Problem statement:
What is wanted is every line below from the one with "Chomba de corte" up to and including the one with "A beautiful arrangement", retyped exactly, pictures excluded, nothing else.

Records for this task:
'''

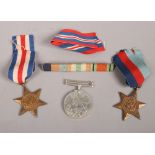 A trio of World War Two medals to include war medal 1939-1945, The 1939-1945 star and The France and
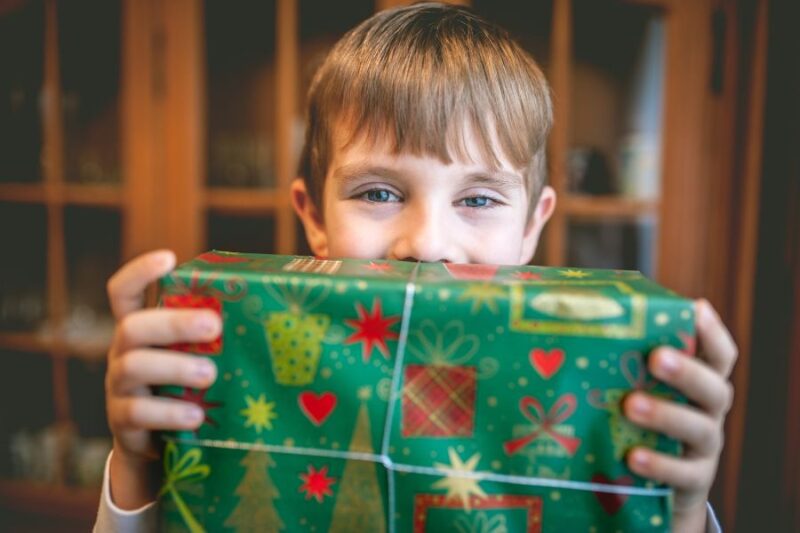 Young boy holding a Christmas present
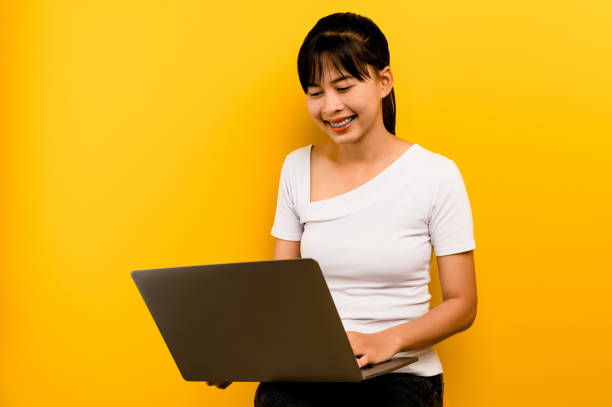 istock working with laptop working online communicating online thinking good job ideas work from home young women work and enjoy working 1494485343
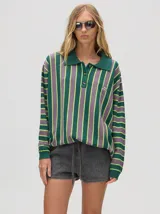 Chomba de corte oversize con cuello camisero, a rayas verticales en color marrón, lila y blanco. Tiene un logo bordado en el pecho y puños en color marrón.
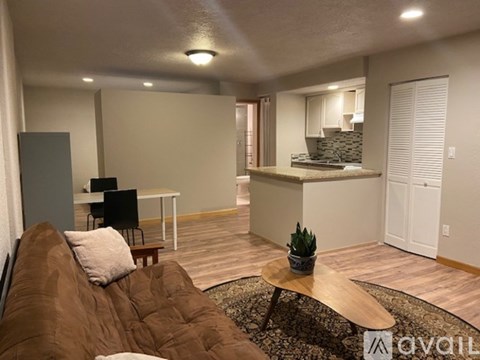 A living room with a brown couch and a wooden coffee table.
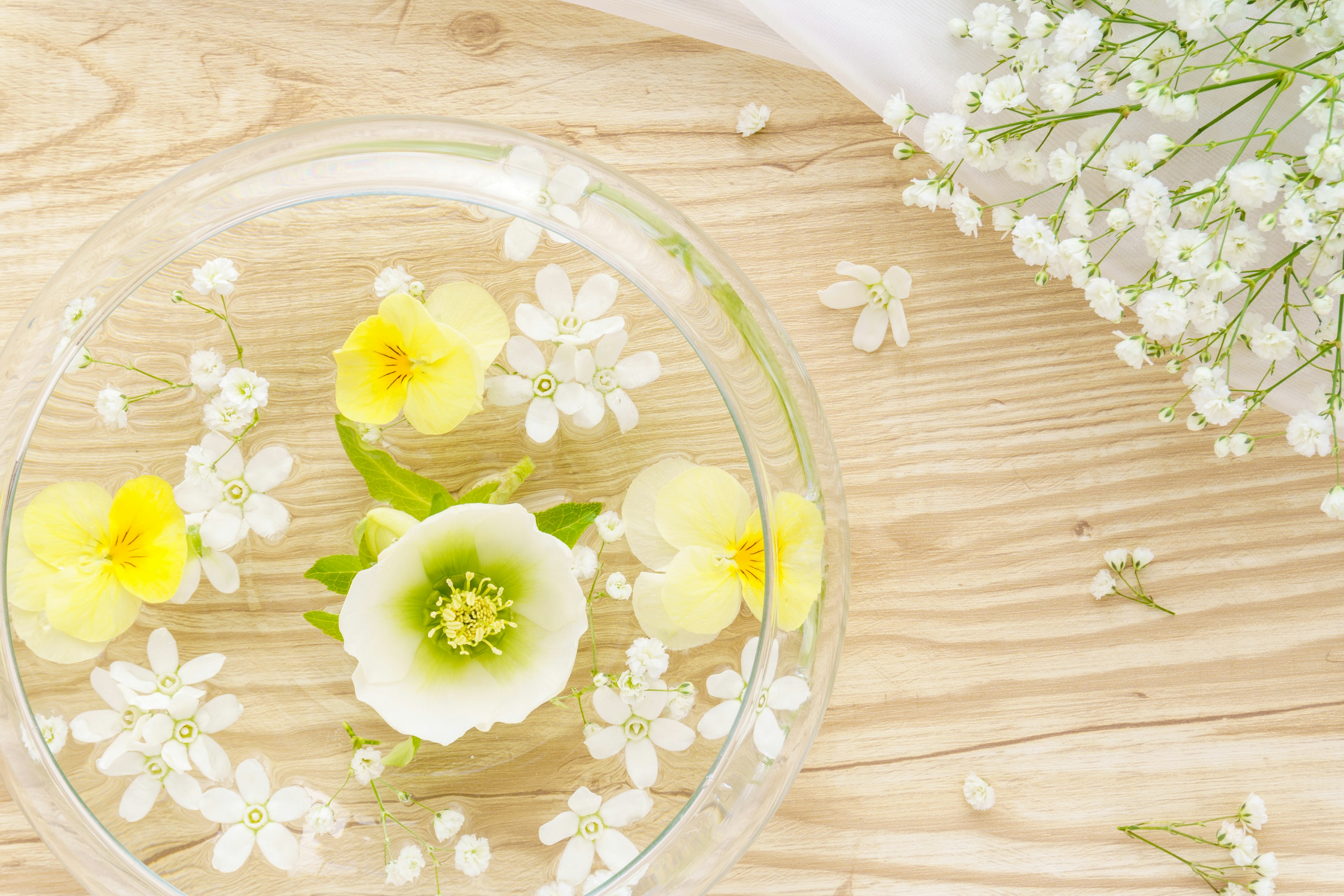 A beautiful arrangement of yellow flowers and white blossoms floating in water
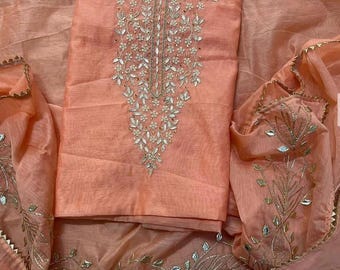 May include: A peach-colored fabric garment featuring intricate embroidery and reflective mirror accents. The design includes a central floral pattern around the neckline and decorative leaf-shaped mirror embellishments along the edges of the fabric.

'''

Exercise response:
 Chomba de corte oversize con cuello camisero, a rayas verticales en color marrón, lila y blanco. Tiene un logo bordado en el pecho y puños en color marrón.
 A living room with a brown couch and a wooden coffee table.
 A beautiful arrangement of yellow flowers and white blossoms floating in water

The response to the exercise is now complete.